先行事例からは、(1)補助金の申請支援をベンダーが伴走する、(2)全機能を一斉導入せず登降園管理から段階的に広げる、(3)園長・主任だけでなく現場保育士を選定プロセスに巻き込む、という3点が定着の成功要因として挙げられます。

表1:導入障壁と現場での対応策
障壁 内容 主な対応策
初期・月額コスト 月額数千円〜数万円。小規模施設ほど負担感が大きい ICT化推進事業などの補助金活用、自治体一括導入
ITリテラシー 操作習熟への不安、ベテラン職員の抵抗感 段階導入、ベンダーの研修・サポート体制の確認
行政様式との不整合 監査・提出書類が紙前提で二重運用が発生 自治体の様式標準化の進展、電子監査対応システムの選定
データ移行・乗り換え 過去データの引き継ぎが難しくロックインされやすい エクスポート機能・データ連携仕様の事前確認

加えて、近年重要性を増しているのがセキュリティ要件です。こどもの氏名・顔写真・健康情報を扱う以上、通信の暗号化、アクセス権限の管理、データの国内保管などは最低条件であり、自治体案件ではセキュリティ認証の取得や監査ログの提供が事実上の入札条件になっています。中小ベンダーにとってはこの対応コストが参入障壁となる一方、信頼性を示せる事業者には競争優位として働きます。
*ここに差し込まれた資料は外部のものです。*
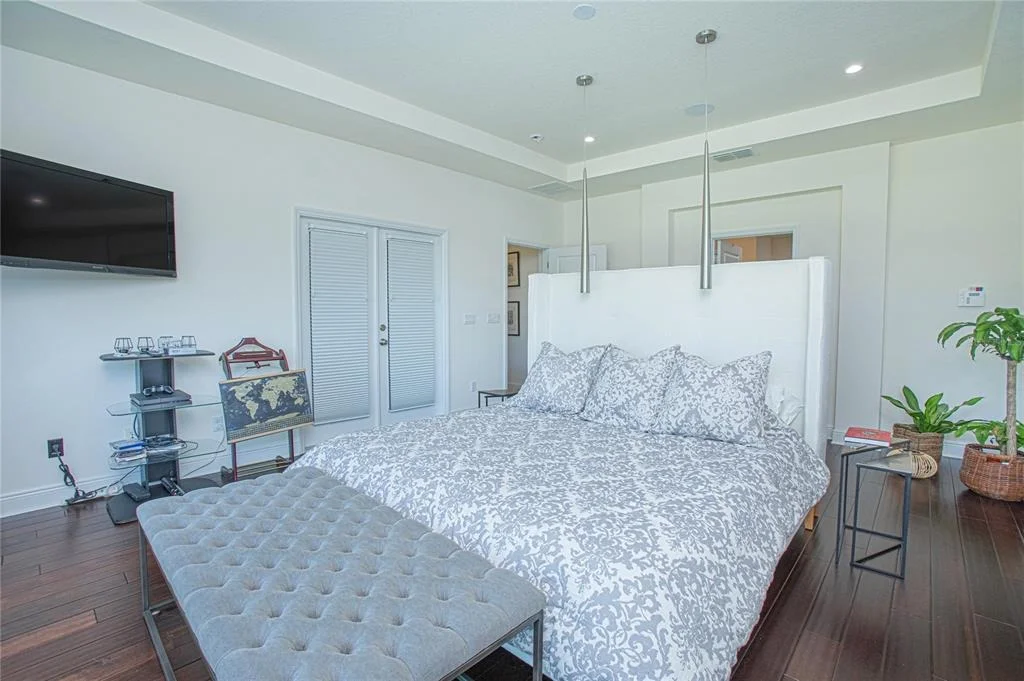 Photo of 12601 BANTING TERRACE
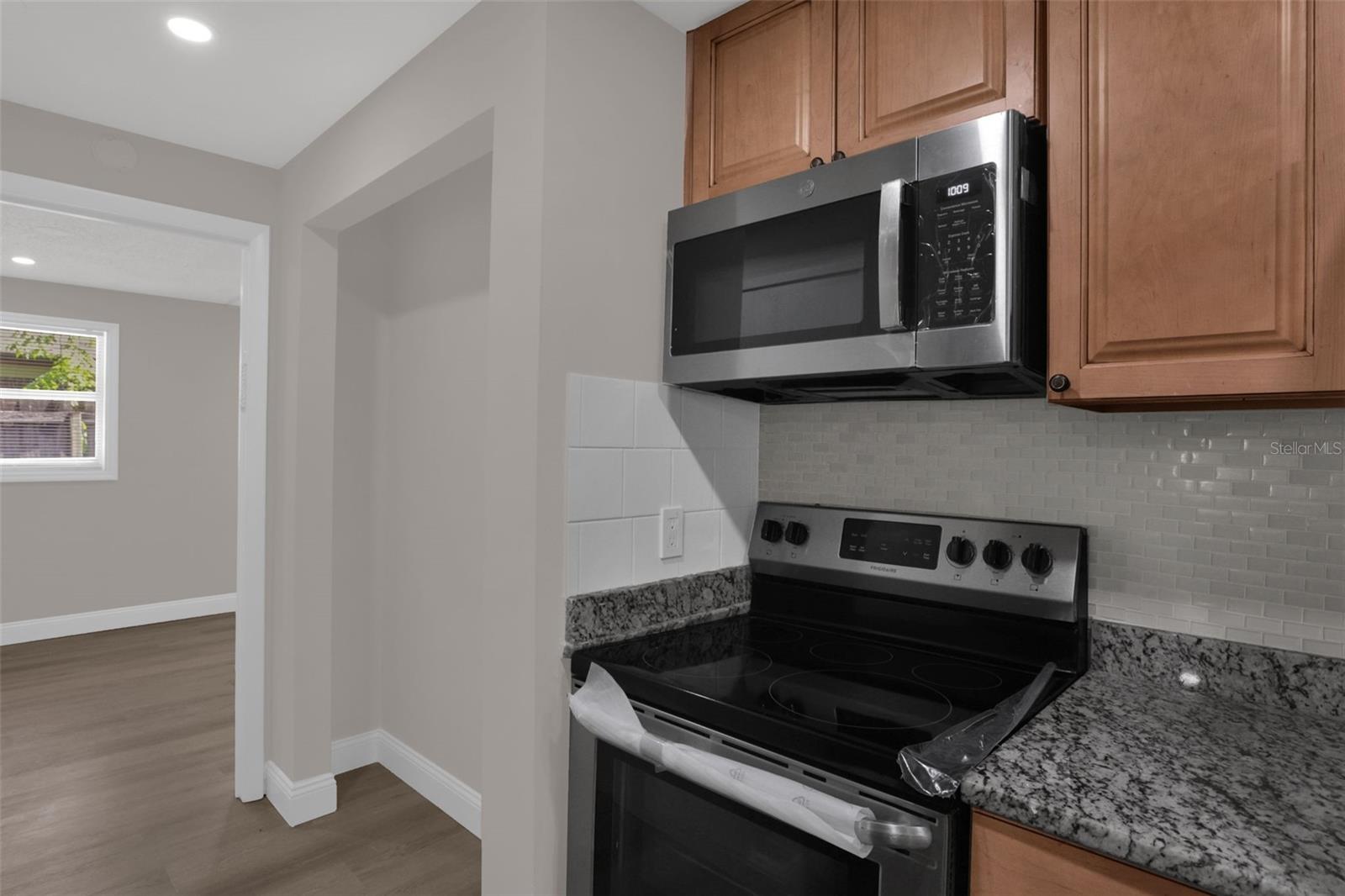 WALKERS ADD TO ALTAMONTE SPGS 2 - Residential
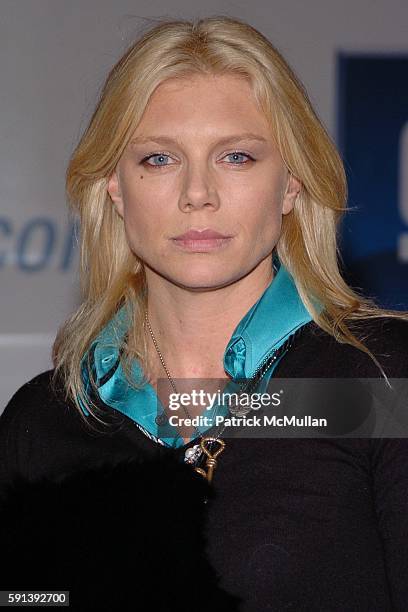 Peta Wilson attends Red Carpet Arrivals for the 4th Annual "ten" Fashion Show Presented By General Motors at 1540 N. Vine St. On February 22, 2005 in...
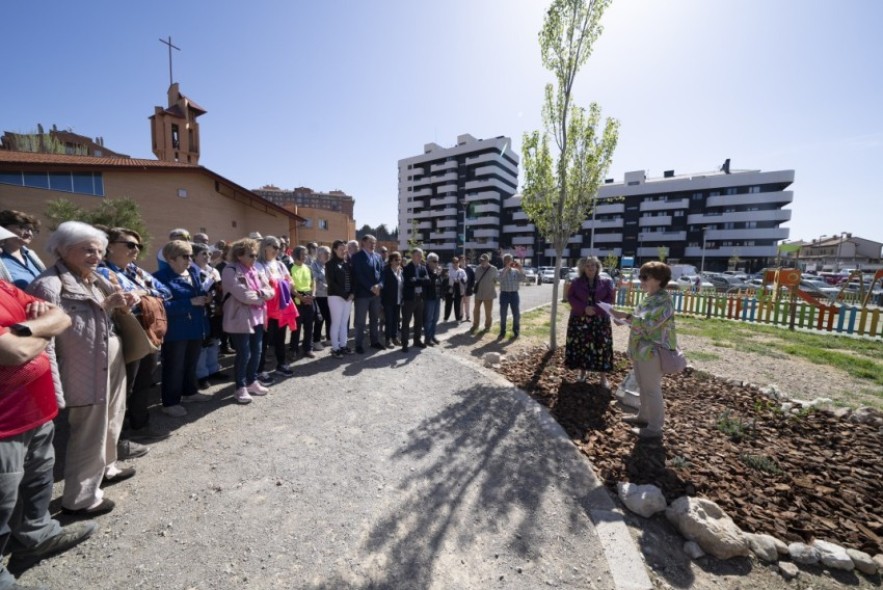Una placa recuerda a Emerenciana Pastor junto a árboles que ella plantó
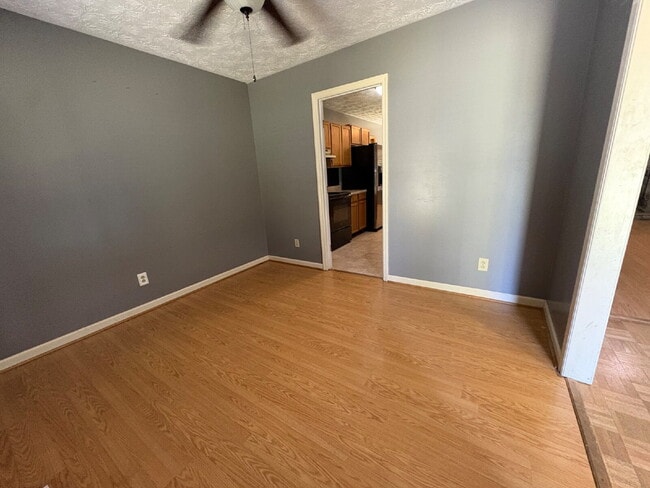 Photo - 204 Cobblestone Ct
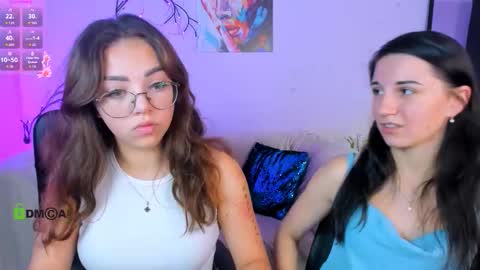 Snapshot of lia_sunset chatting on September 23, 7:33 am Lia online show from September 23, 7:33 am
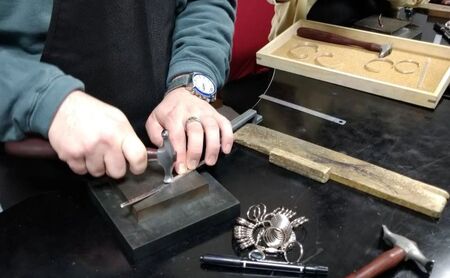 彫金 シルバー 槌目バングル 制作 体験 コース 1名 FABBRICA OSAWA ／ 体験チケット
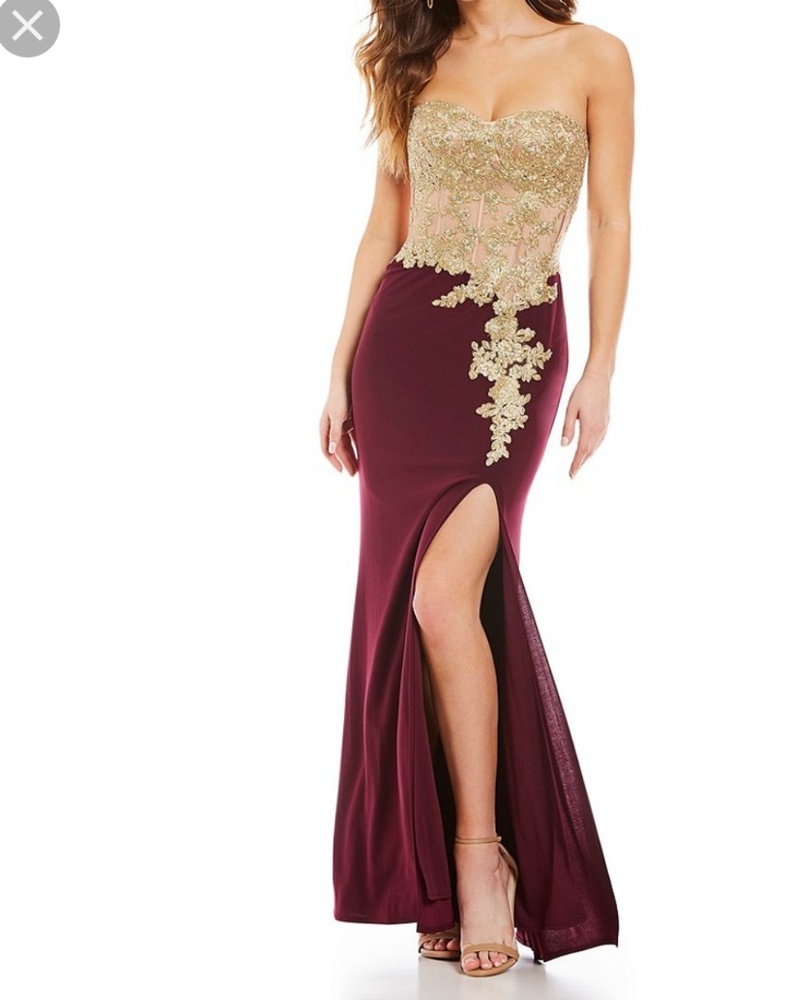 Brand new Junior Dress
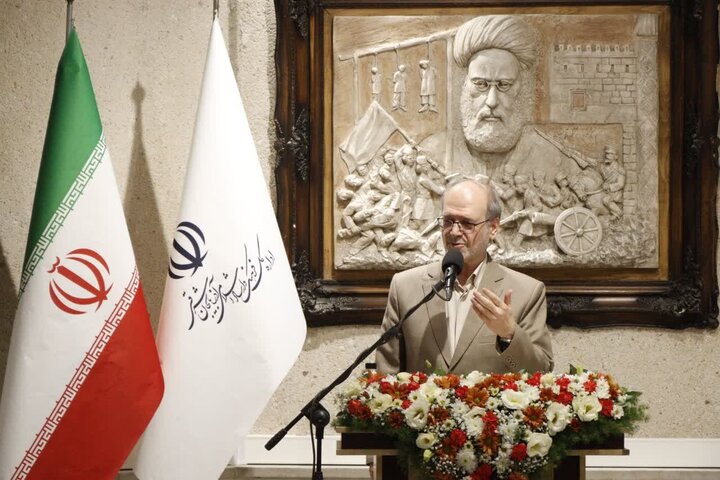 احمدی: هنر نمایش، پلی به گذشته پرافتخار است احمدی: هنر نمایش، پلی به گذشته پرافتخار است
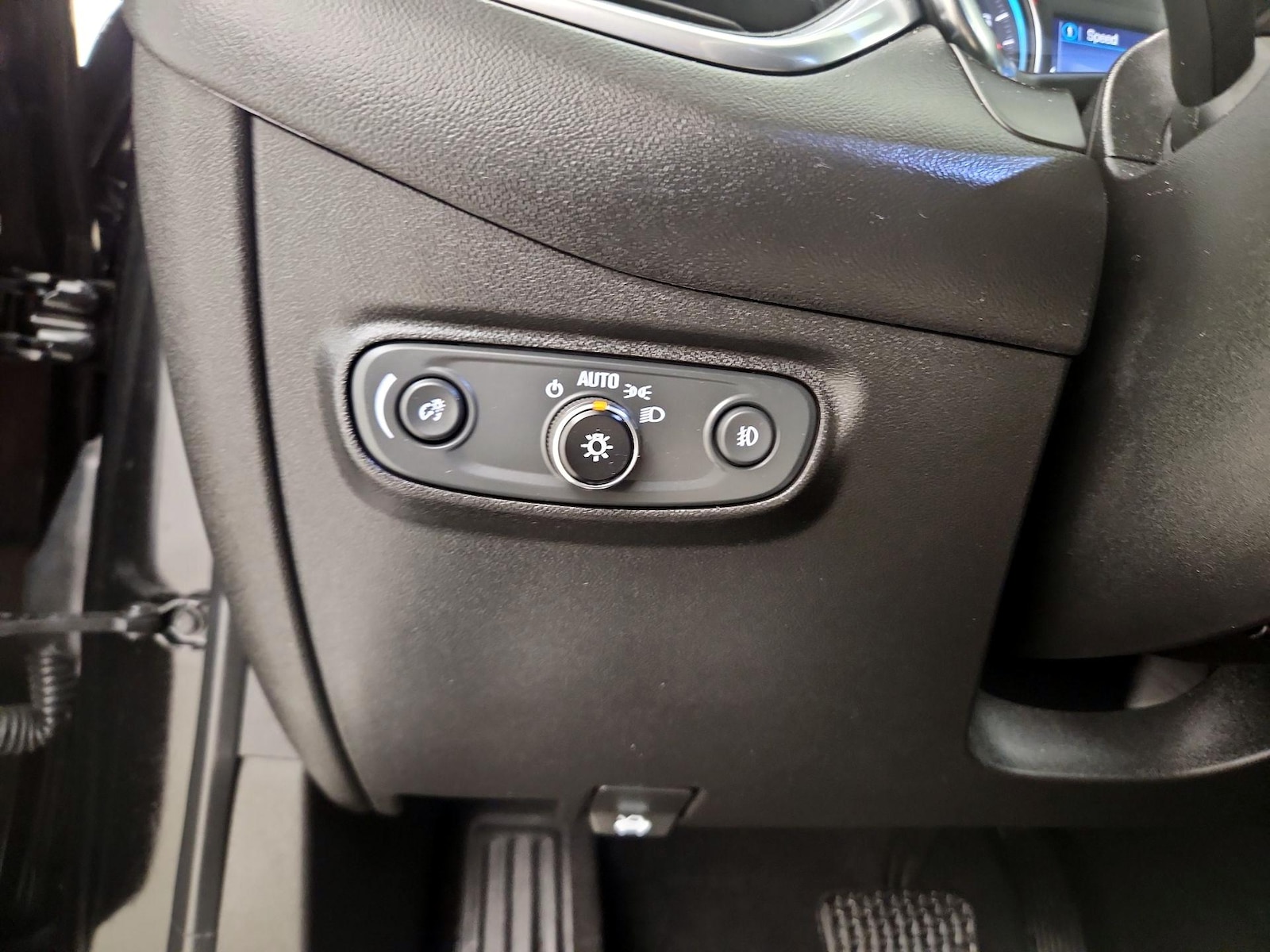 2021 Chevrolet Equinox LT - Photo 14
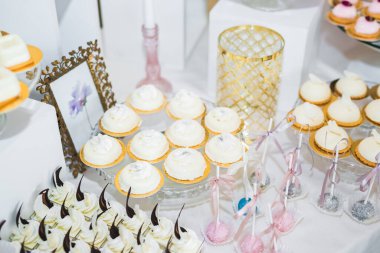 Lezzetli düğün resepsiyonu, tatlı masası..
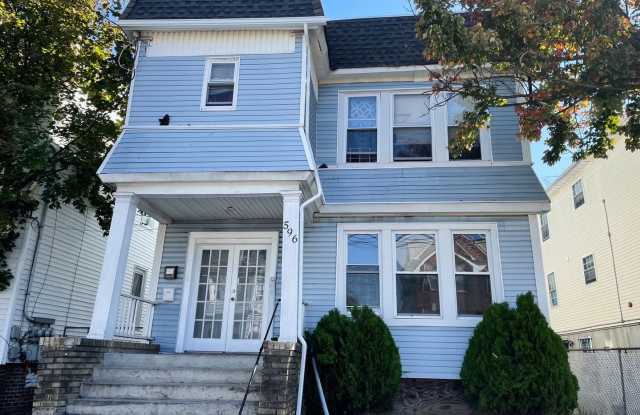 Spacious 3-Bedroom, 1-Bath Apartment with Pantry photos photos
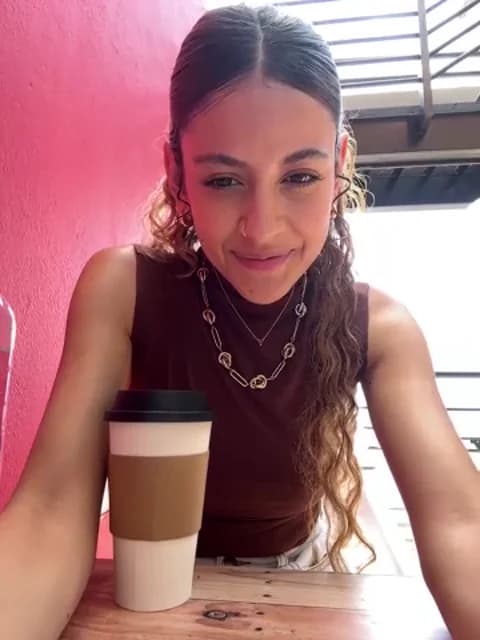 alana15 HD Camrip • 38min • 2026-03-15 19:02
導入後の定着も課題です。せっかく契約しても一部機能しか使われず、紙の運用が残ったままになる「宝の持ち腐れ」は珍しくありません。ベンダー各社はカスタマーサクセス部門を強化し、導入後の活用状況をデータで把握して定着を支援する体制を整えつつあり、解約防止と追加機能の販売の両面でこの部門の重要性が高まっています。

まとめ:選定競争から活用競争へ

保育ICTシステムは「導入するかどうか」の段階を過ぎ、「どのシステムをどこまで使いこなすか」を競う段階に移りました。登降園管理と保護者連絡が標準装備となった今、差がつくのは指導計画などドキュメント業務のデジタル化と、蓄積されたデータの活用です。この流れはAI活用のページで報告する生成AIの実装競争へと直結しています。

ビジネスユニットにとっては、既存システムが手薄な領域(研修管理、給食・アレルギー管理、監査対応など)や、システム間のデータ連携を担うミドルウェア的な役割に参入余地が残されていると言えるでしょう。

また、システムに日々蓄積される登降園・健康・発達の記録は、施設運営の改善だけでなく、自治体の政策立案や研究にも活用し得る貴重なデータ資産です。個人情報保護を前提としたデータ利活用の枠組みづくりは、業界全体の次の課題であり、同時に新しい事業機会でもあります。

現況を一言でまとめれば、保育ICTシステムは保育施設の経営インフラとして定着し、市場の関心は導入率から活用度へ、そして蓄積データの価値へと移行しています。この変化のスピードを規定するのは、依然として補助金と自治体の動きです。制度動向とあわせて市場を観測することを、引き続きおすすめします。